If you’ve spent years nurturing a well-behaved MPLS backbone, stepping into the cloud can feel both exciting and a little unnerving. The promise of agility meets the reality of governance, segmentation, and decades of hard‑won routing hygiene. I’ve helped many enterprises connect mature MPLS estates to AWS, and the pattern repeats: clear segmentation, clear route control, and clear operational guardrails. This article is a practical walk-through of integrating MPLS with AWS, shaped by field experience. It focuses on the mental models, trade-offs, and the “gotchas” you’ll want to anticipate before the first BGP session comes up.

What “MPLS to AWS” Really Means

Think of AWS as another significant site on your network, not just “the internet with a friendly face”. Your MPLS provider gives you predictable private transport with VRFs, QoS, and route governance.
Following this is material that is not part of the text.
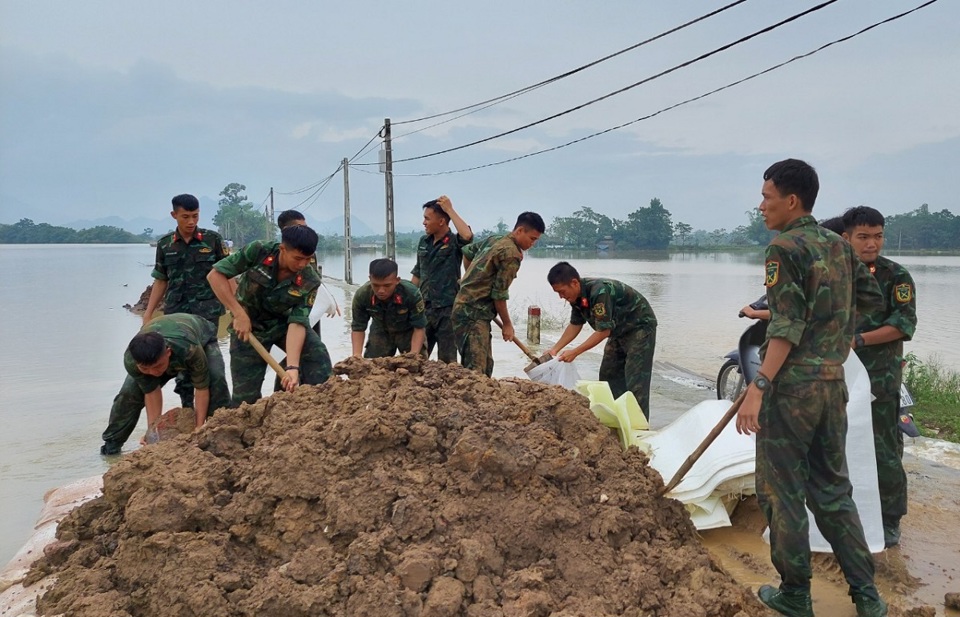 Bộ đội gi&uacute;p d&acirc;n bảo vệ đ&ecirc; v&agrave;o m&ugrave;a lũ s&ocirc;ng B&ugrave;i (ảnh tư liệu)&nbsp;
AWS gives you programmable infrastructure with VPCs, route tables, and service endpoints.

Bridging the two means you’ll:

• Decide where your “cloud core” lives (most teams choose AWS Transit Gateway for scale and segmentation).
• Map segmentation between worlds (MPLS VRFs ↔ TGW route tables ↔ VPC CIDR domains).
• Control route propagation and traffic preference across multiple paths (Direct Connect and VPN often coexist).
• Instrument the path (visibility, failover testing, and runbooks).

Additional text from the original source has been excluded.